36 Books I Have Read

Title, Reynard the Fox

Author, Unknown

Publisher, Dana Estes and Company

When and Where Read, Wilmington, Sept. 4, 1906

Department of Literature, Satiric Poem

Sketch of Contents,

            The 15th century poem which is a sort of satire on the evils of the Church. Reynard is constantly getting into trouble but by his cleverness escapes punishment and death.

Page References,

Books I Have Read 37

Comment and Questions,

            A clever poem, if it has been adopted by the children. It is Aesop and La Fontaine and Piers Plowman and Skelton rolled into one. The translation is poor, but perhaps good for children, and the rhymed couplet seems somehow to fit the ridiculous tales of Reynard and his almost miraculous pranks.

 

38 Books I Have Read

Title, Concerning Paul and Fiamnetta

Author, L. Allen Harker

Publisher, Scribner

When and Where Read, Wilmington, Sept. 5, 1906

Department of Literature, Child’s Story

Sketch of Contents,

            The tale of some particularly engaging children; not a story but a chronicle of their daily doings.

Page References,

Books I Have Read 39

Comment and Questions,

Certainly one of the most fascinating child’s stories lately, saving only Mrs. Wiggin’s.

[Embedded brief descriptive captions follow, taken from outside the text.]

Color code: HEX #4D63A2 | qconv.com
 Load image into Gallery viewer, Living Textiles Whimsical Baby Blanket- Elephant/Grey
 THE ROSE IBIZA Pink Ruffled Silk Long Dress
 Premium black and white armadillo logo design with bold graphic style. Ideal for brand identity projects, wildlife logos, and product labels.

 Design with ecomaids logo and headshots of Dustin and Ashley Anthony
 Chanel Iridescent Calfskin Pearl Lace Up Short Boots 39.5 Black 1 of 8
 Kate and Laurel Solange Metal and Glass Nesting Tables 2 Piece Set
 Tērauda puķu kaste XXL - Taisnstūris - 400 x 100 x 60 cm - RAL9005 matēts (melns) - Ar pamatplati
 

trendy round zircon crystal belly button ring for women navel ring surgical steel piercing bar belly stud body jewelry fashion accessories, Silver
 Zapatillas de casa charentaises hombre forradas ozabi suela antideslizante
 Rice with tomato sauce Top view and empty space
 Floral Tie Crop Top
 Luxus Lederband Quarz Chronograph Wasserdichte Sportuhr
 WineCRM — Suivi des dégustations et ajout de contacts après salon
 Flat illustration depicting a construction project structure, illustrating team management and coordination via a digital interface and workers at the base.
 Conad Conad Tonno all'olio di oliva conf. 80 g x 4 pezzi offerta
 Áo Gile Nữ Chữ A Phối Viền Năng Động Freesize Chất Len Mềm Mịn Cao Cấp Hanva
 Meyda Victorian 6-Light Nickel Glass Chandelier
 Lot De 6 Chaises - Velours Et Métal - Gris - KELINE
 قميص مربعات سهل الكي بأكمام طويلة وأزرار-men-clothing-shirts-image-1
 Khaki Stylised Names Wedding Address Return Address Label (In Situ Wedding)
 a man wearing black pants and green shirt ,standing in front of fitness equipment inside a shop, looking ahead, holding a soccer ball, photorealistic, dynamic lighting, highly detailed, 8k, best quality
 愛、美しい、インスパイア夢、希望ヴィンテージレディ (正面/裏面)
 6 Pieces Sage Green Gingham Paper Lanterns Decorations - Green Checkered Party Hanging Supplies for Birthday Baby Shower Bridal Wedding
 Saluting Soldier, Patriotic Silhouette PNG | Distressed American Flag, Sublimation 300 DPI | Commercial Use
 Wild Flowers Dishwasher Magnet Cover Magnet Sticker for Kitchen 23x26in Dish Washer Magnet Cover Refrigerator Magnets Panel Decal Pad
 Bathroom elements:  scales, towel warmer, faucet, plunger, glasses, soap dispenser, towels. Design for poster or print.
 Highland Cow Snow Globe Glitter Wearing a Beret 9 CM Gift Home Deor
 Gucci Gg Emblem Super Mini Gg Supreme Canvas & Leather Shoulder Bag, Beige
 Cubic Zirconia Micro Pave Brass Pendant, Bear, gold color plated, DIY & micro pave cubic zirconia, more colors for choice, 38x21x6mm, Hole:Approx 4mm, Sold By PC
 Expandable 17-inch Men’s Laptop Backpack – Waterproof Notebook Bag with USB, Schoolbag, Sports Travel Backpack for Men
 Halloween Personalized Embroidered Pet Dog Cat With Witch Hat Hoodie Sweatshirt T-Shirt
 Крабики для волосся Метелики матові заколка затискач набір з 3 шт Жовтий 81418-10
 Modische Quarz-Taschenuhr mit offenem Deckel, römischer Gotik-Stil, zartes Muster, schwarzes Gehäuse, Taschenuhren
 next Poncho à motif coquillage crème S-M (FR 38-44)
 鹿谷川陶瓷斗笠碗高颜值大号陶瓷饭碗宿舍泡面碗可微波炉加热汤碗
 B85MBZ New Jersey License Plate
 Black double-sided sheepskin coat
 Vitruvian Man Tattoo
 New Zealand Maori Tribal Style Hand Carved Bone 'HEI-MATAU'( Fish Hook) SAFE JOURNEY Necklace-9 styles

The children are sweet and alive and English, almost at times unfamiliarly so. Delightful it is, beyond compare.

 

40 Books I Have Read

Title, [sic] A Week on the Concord and Merrimac

Author, Henry Thoreau

Publisher,

When and Where Read, Wilmington, July & August, 1906

Department of Literature, Essay

Sketch of Contents,

            The author and his brother embark from Concord in a flat bottomed boat for a week’s drifting down the rivers.

Page References,

Books I Have Read 41

Comment and Questions,

            A book not to be read hastily but slowly, carefully, and lingeringly. Here the bits of nature description and the interlineations of quaint history play a small part compared with the moralizing and philosophizing of the author as he lets his fancy wander where it lists. Especially good are his moralizing on religion, such breadth of vision and thought is refreshing and clarifying, like an uplifting breath of mountain air after the stupefying closeness of the valley.

 

42 Books I Have Read

Title, Hedda Gabler

Author, Henrik Ibsen, Wm. Archer, Trans.

Publisher, Walter Scott, London

When and Where Read, Wilmington, Sept. 3, 1906

Department of Literature, Drama

Sketch of Contents,

            A dissatisfied woman, rather an unsatisfied woman has the courage to go out of life rather than live a lie.

Page References,

Books I Have Read 43

Comment and Questions,

It seems to be a favorite theme of Ibsen’s this woman who has a past which she cannot share with her husband and which eventually drives her to death. Hedda Gabler is a product of the age, the unrest, the longing, the realization of the narrowness and the graspingness of life.  The strange cat-like love and jealousy of the woman first and her husband’s fame next might seem incomprehensible to some, but I understand Hedda— too well, too well.

 

44 Books I Have Read

Title, Rosmersholm

Author, Henrik Ibsen, Wm. Archer, Trans.

Publisher, Walter Scott – London

When and Where Read, Wilmington, Sept. 6, 1906

Department of Literature, Drama

Sketch of Contents, Rebecca West hounds a woman to her death with a lie and meets her retribution. A curious study of political conditions in Norway in the latter 19th century.

Page References,

Books I Have Read 45

Comment and Questions,

A strange study of the influence of political conditions on the private lives. Rebecca West is saturated with the spirit of reform that seethes throughout Norway, and for this she worms her way into Rosmer’s heart, drives poor Beata to her death—and suffers retribution with Rosmer. A terrible story, a saga of crushed ideals and wrecked hopes in character in the paly.

 

46 Books I Have Read

Title, The Lady from the Sea

Author, Henrik Ibsen, Wm. Archer, Trans.

Publisher, Walter Scott, London

When and Where Read, Wilmington, Sept. 7, 1906

Department of Literature, Drama

Sketch of Contents, The fascination of the sea for the sea-born. What absolute freedom will do towards restoring a woman to her sense of duty and responsibility.

Page References,

Books I Have Read 47

Comment and Questions,

When a human being is bound down and told to do thus and so, he is apt to rebel but when absolute freedom and power of choice is given the natural creature turns to that which is right and remembers responsibility and duty and right. This is the problem in The Lady from the Sea. Combined with the alluring nostalgie de mer which haunts every line, this is the most satisfying, least terrible, if strangest of the three dramas in the volume.

 

48 Books I Have Read

Title, Love’s Comedy

Author, Henrik Ibsen, Trans. by C. H. Herford.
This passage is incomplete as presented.